[Captioned web images]
▶

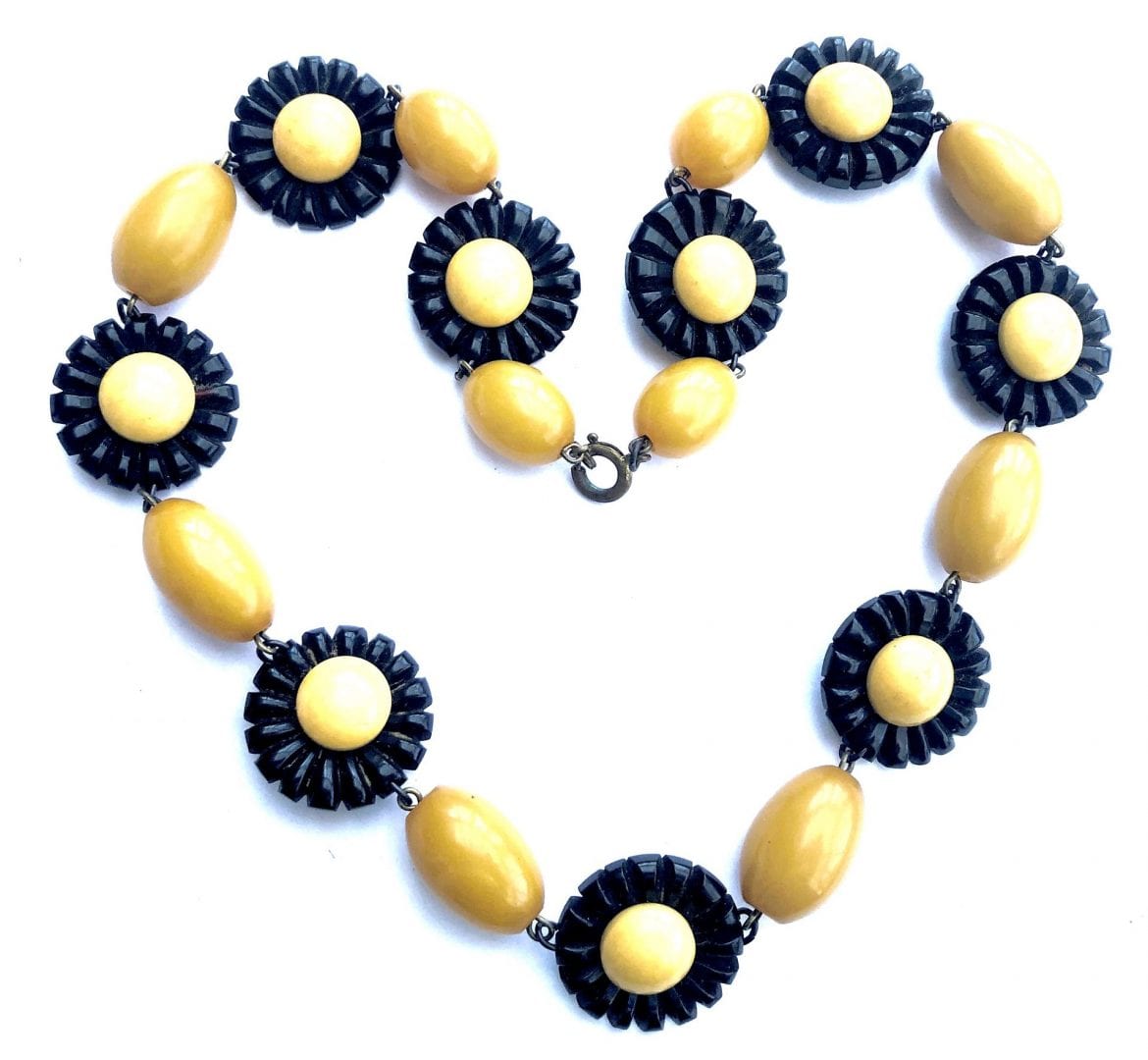 CARELLA - Butterscotch Bakelite Necklace | veryDonna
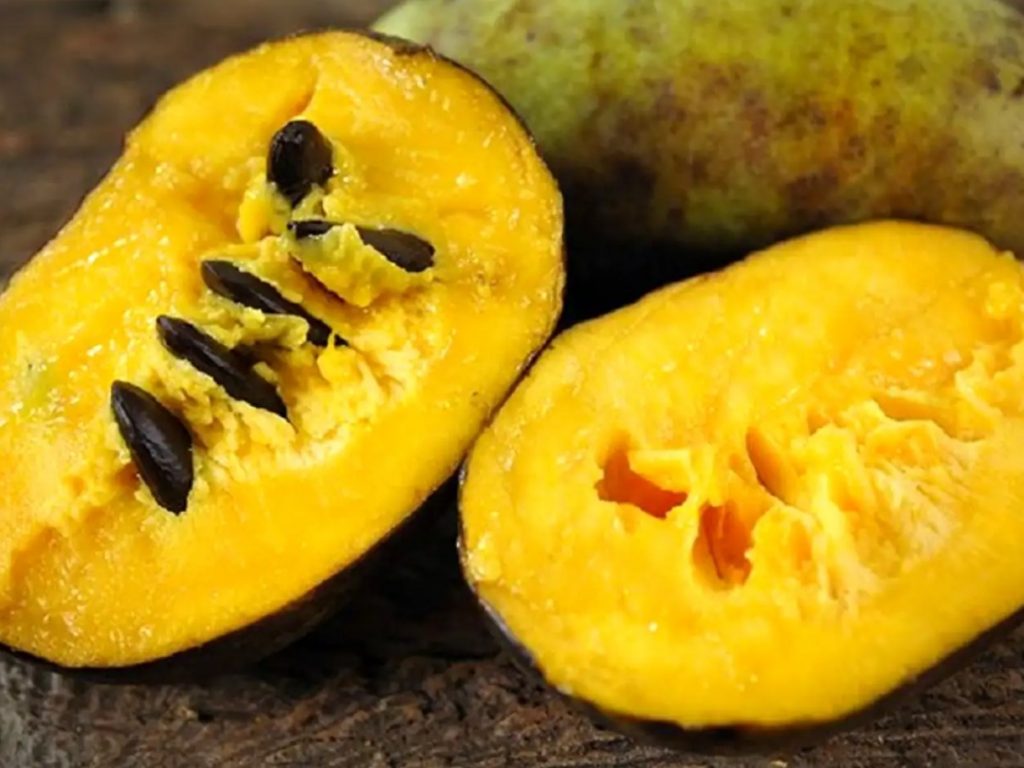 Maitseb nagu banaani, mango ja ananassi segu. Hea südamele ja luudele, sisaldab palju C-vitamiini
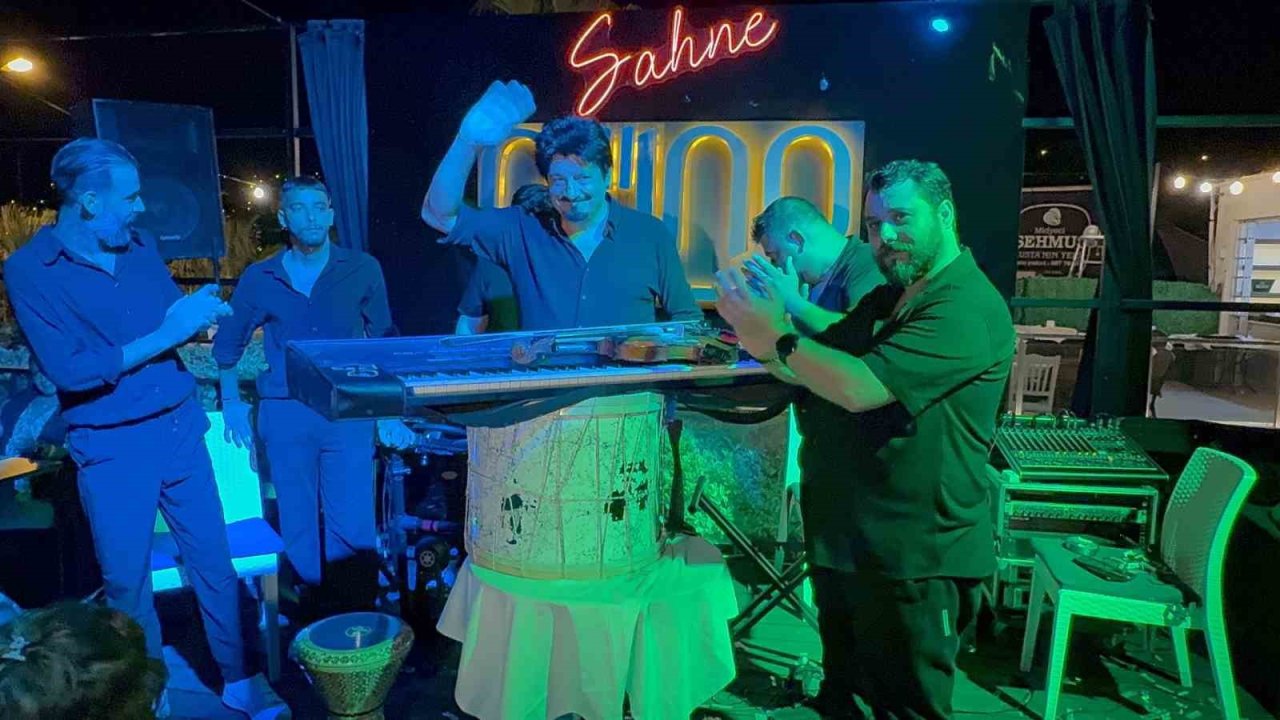 Bodrum’da Sanatçı Baskılara Dayanamayıp Davulunu Kırarak Sahneyi Bıraktı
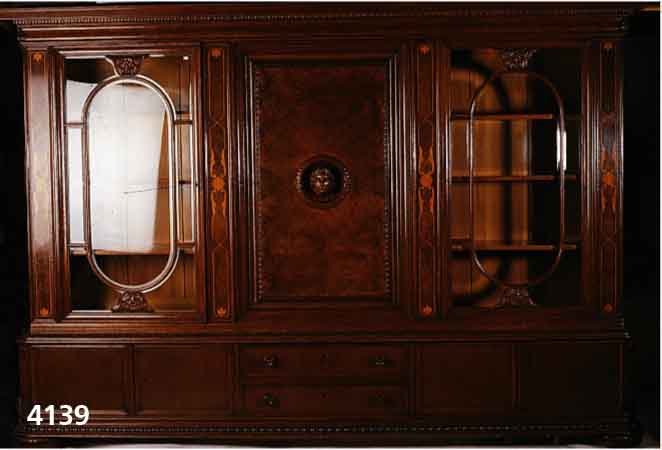 Vielzweckschrank, Ungarn, um 1925/30 Korpus z.T. kaukasischer Nußbaum, Innenausstat tung: Mahagoni gebleicht, Beste Verarbeitung, Schnitzerei ...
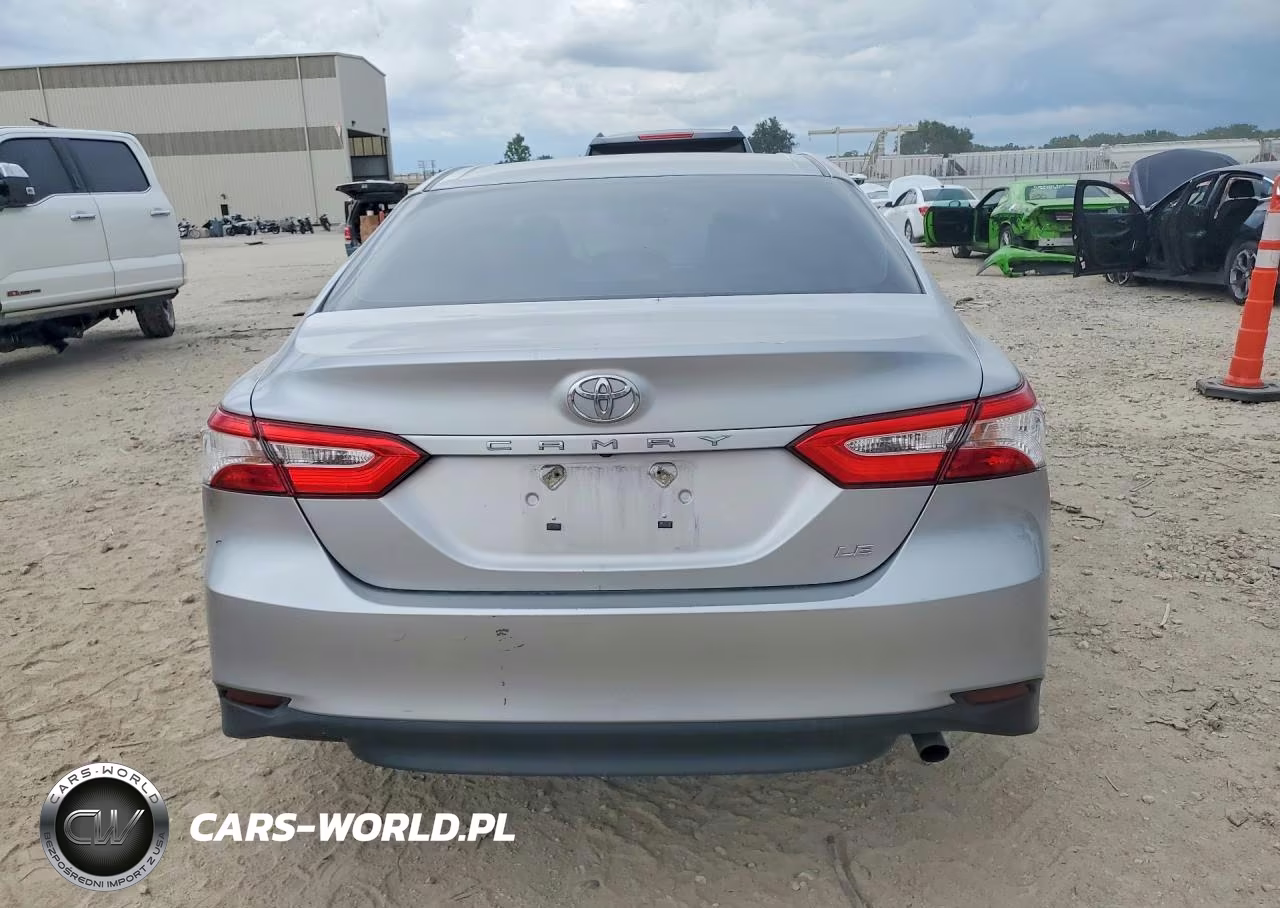 2018 Toyota Camry Le VIN:4T1B11HK6JU515771 - 6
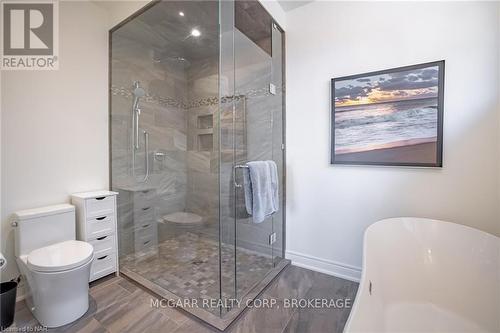 1 Tuscany Court, St. Catharines (453 - Grapeview), ON - Indoor Photo Showing Bathroom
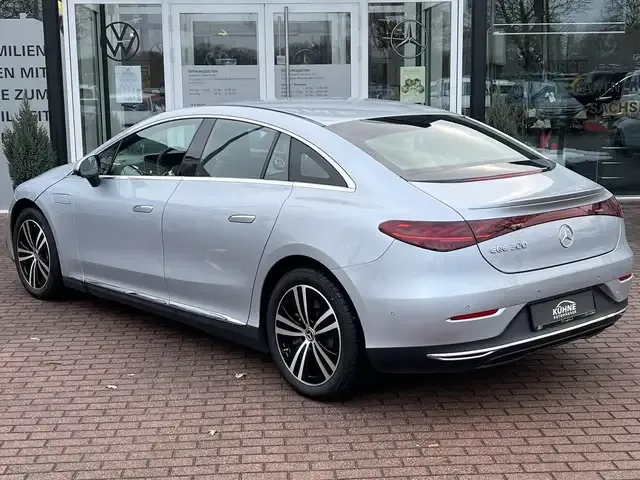 Mercedes-Benz EQE 300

◀

## ASSIGNMENT
Write out the entries above word for word. Do not include the pictures.

## RESPONSE AREA
 CARELLA - Butterscotch Bakelite Necklace | veryDonna
 Maitseb nagu banaani, mango ja ananassi segu. Hea südamele ja luudele, sisaldab palju C-vitamiini
 Bodrum’da Sanatçı Baskılara Dayanamayıp Davulunu Kırarak Sahneyi Bıraktı
 Vielzweckschrank, Ungarn, um 1925/30 Korpus z.T. kaukasischer Nußbaum, Innenausstat tung: Mahagoni gebleicht, Beste Verarbeitung, Schnitzerei ...
 2018 Toyota Camry Le VIN:4T1B11HK6JU515771 - 6
 1 Tuscany Court, St. Catharines (453 - Grapeview), ON - Indoor Photo Showing Bathroom
 Mercedes-Benz EQE 300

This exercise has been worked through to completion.